Effective for the 2009 proxy season, the Canadian Securities Administrators (CSA) have adopted new requirements for executive compensation disclosure (the New Disclosure Requirements). Stikeman Elliott's "Executive Compensation After the Boom" highlights current trends in executive compensation and their impact on compensation decisions. The following excerpt reviews the trend towards wealth accumulation analysis.
Wealth Accumulation Analysis
Focussing on the different tools at the disposal of the board or compensation committee in developing pay packages, another emerging trend is the move towards a broad-based and more holistic wealth accumulation analysis.

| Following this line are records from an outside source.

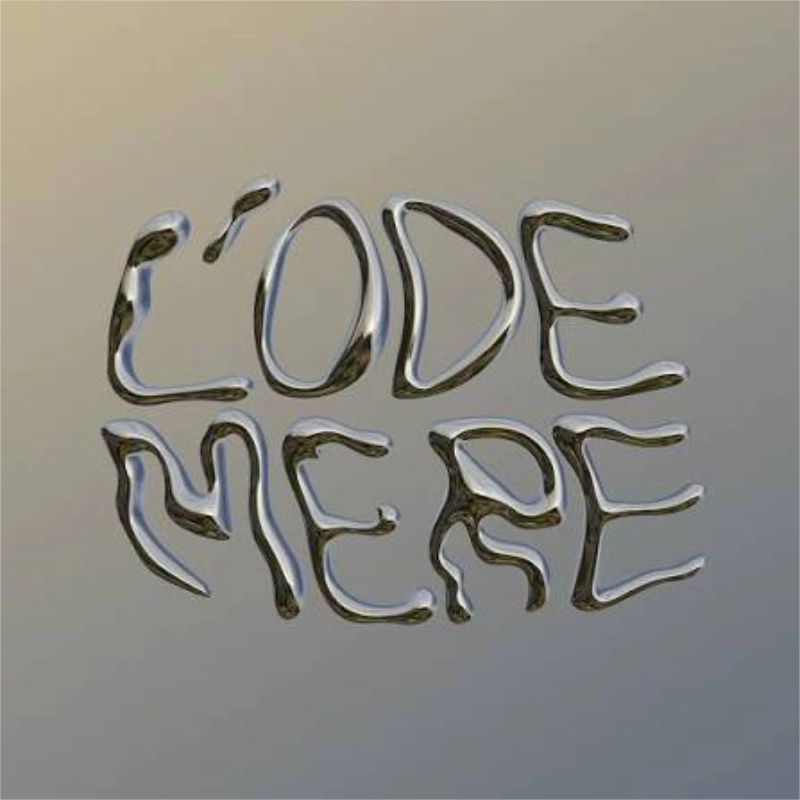 Logo officiel de L'Ode Mère en lettres de métal liquide chromé sur un fond dégradé épuré. Identité visuelle d'événement et partenaire de Dimanch'Huîtres pour des animations de bars à huîtres éphémères en Gironde.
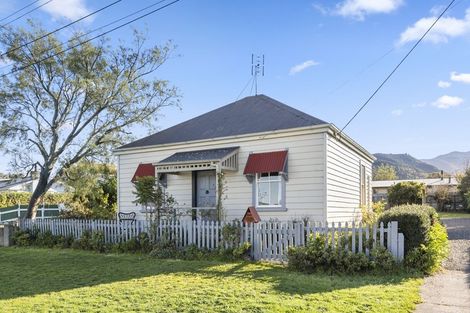 Photo of property in 38 Daniell Street, Featherston, 5710
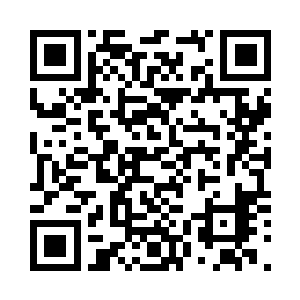 一个头上长着一根鹿角之人冲了过来二维码生成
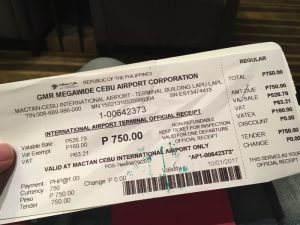 フィリピン出国税　空港使用料　ターミナルフィー　750ペソ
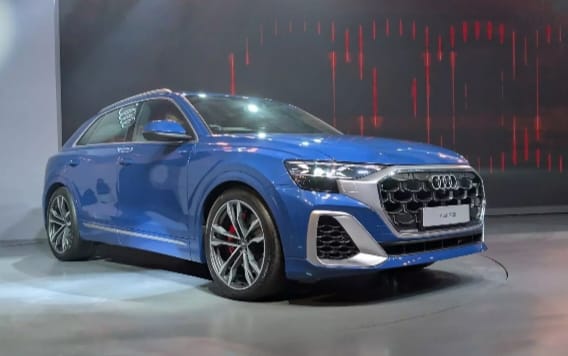 अब-सड़कों-पर-राज-करेगी-Audi-SQ8 – 4.1-सेकंड-में-स्पीड-लग्ज़री-और-पावर-का-खतरनाक-कॉम्बो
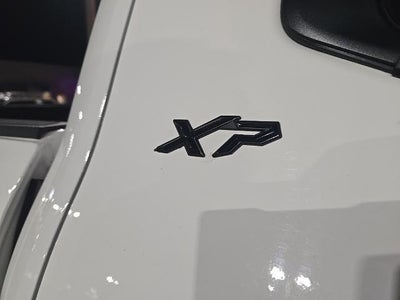 2023 Toyota Tundra 4WD 4WD SR5 CrewMax 5.5' Bed (SE)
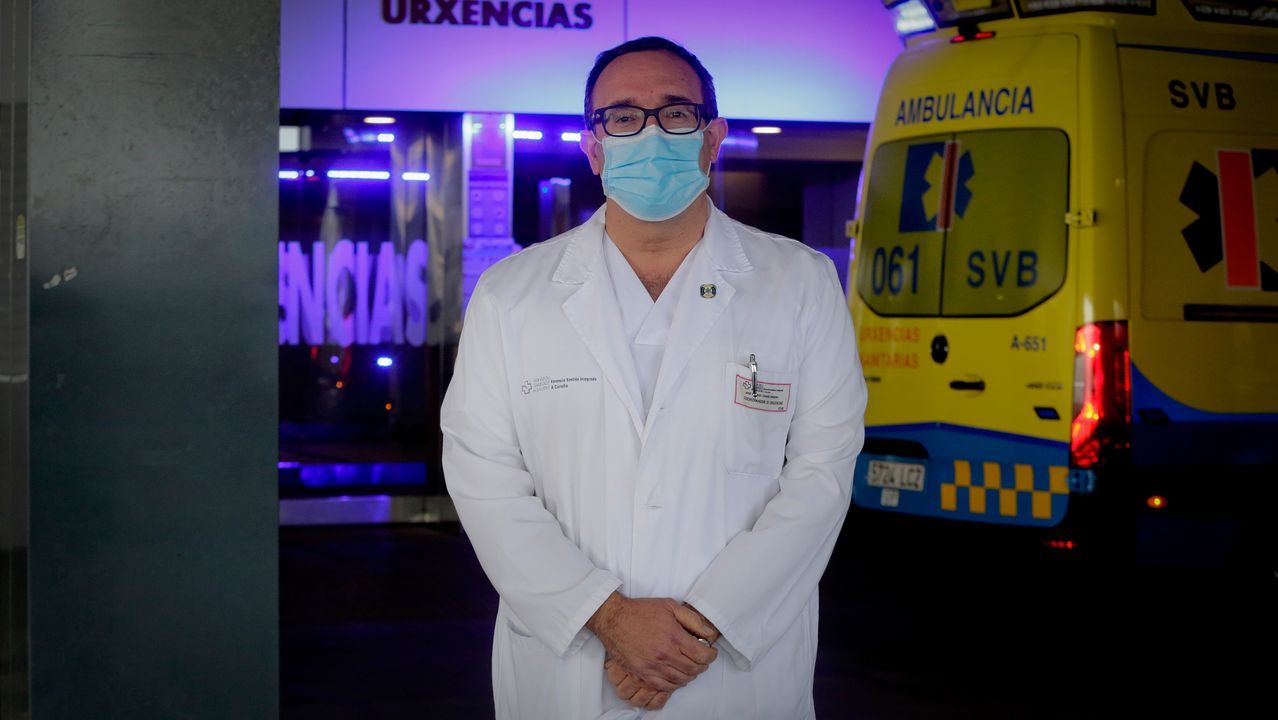 Terrazas llenas en el primer d�a de la primavera gallega.El agente ambiental Juan Carlos Sixto muestra al jefe provincial de Incendios de A Coru�a el lugar en el que se est� produciendo una quema controlada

A wealth accumulation analysis involves looking at what an executive has and will be paid and valuing what this pay accumulation is worth over the long term. This effectively allows a company to have a better picture of not only what is paid on a one, two or three-year basis, but the accumulated wealth that those earnings represent over a longer horizon. This includes factoring in elements such as gains on equity-based incentives as well as the value of accrued pension benefits, severance and other termination or change of control payments.1 A wealth accumulation analysis necessarily involves forecasting reasonable ranges for different elements based on relevant variables. While these may be difficult to predict or pinpoint years in advance, undertaking the exercise allows for an understanding of the total wealth potential that is represented by the pay package. The New Disclosure Requirements include a similar type of estimation of potential payouts by requiring companies to explain and quantify estimated incremental payments that are triggered in connection with termination, resignation, retirement or change of control.2 A wealth accumulation analysis will allow a company to see what potential future proxy disclosure might look like as future payouts become reality, and to analyze how well these might correlate to shareholder returns over similar periods. A wealth accumulation analysis also allows companies to assess whether they are facing diminishing returns from continuing to offer or focus on certain types of compensation components.